— EXERCISE INSTRUCTIONS —
Reproduce the lines of the material exactly, excluding every image.

— AVAILABLE RECORDS —
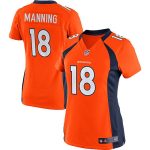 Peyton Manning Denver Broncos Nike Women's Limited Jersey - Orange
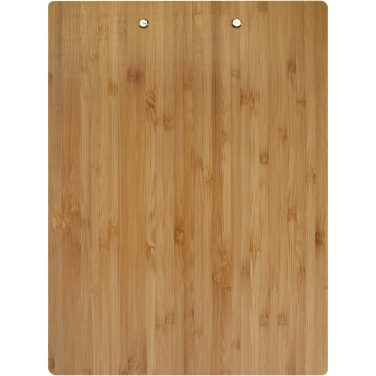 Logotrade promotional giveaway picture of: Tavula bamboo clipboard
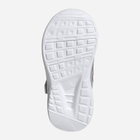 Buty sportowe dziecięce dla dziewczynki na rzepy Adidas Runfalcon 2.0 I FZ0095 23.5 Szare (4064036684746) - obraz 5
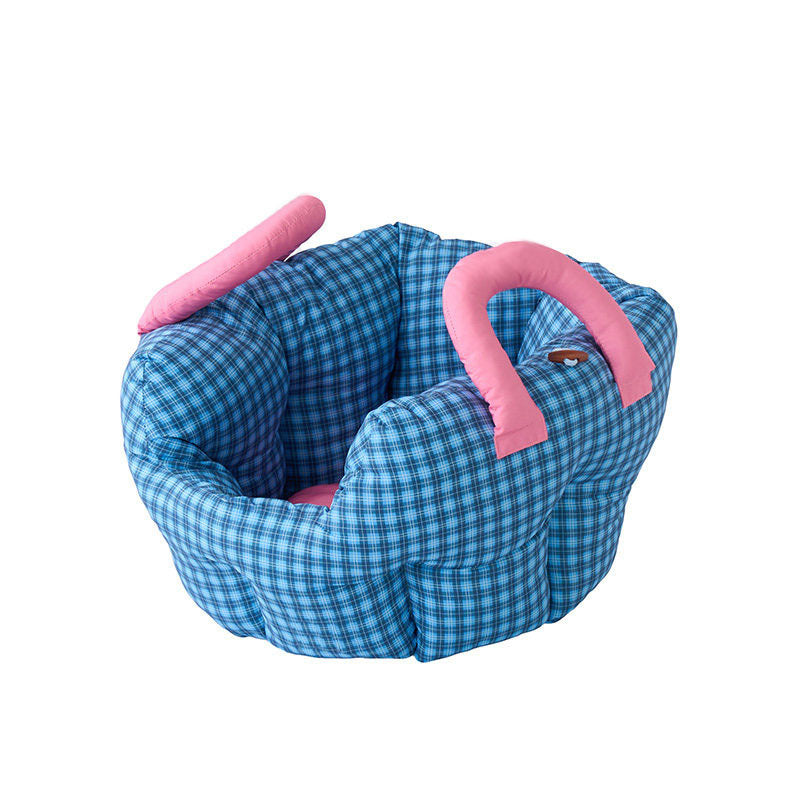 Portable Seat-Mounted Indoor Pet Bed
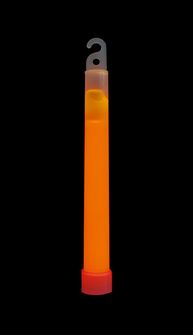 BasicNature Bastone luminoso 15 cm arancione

— RESULT BELOW —
 Peyton Manning Denver Broncos Nike Women's Limited Jersey - Orange
 Logotrade promotional giveaway picture of: Tavula bamboo clipboard
 Buty sportowe dziecięce dla dziewczynki na rzepy Adidas Runfalcon 2.0 I FZ0095 23.5 Szare (4064036684746) - obraz 5
 Portable Seat-Mounted Indoor Pet Bed
 BasicNature Bastone luminoso 15 cm arancione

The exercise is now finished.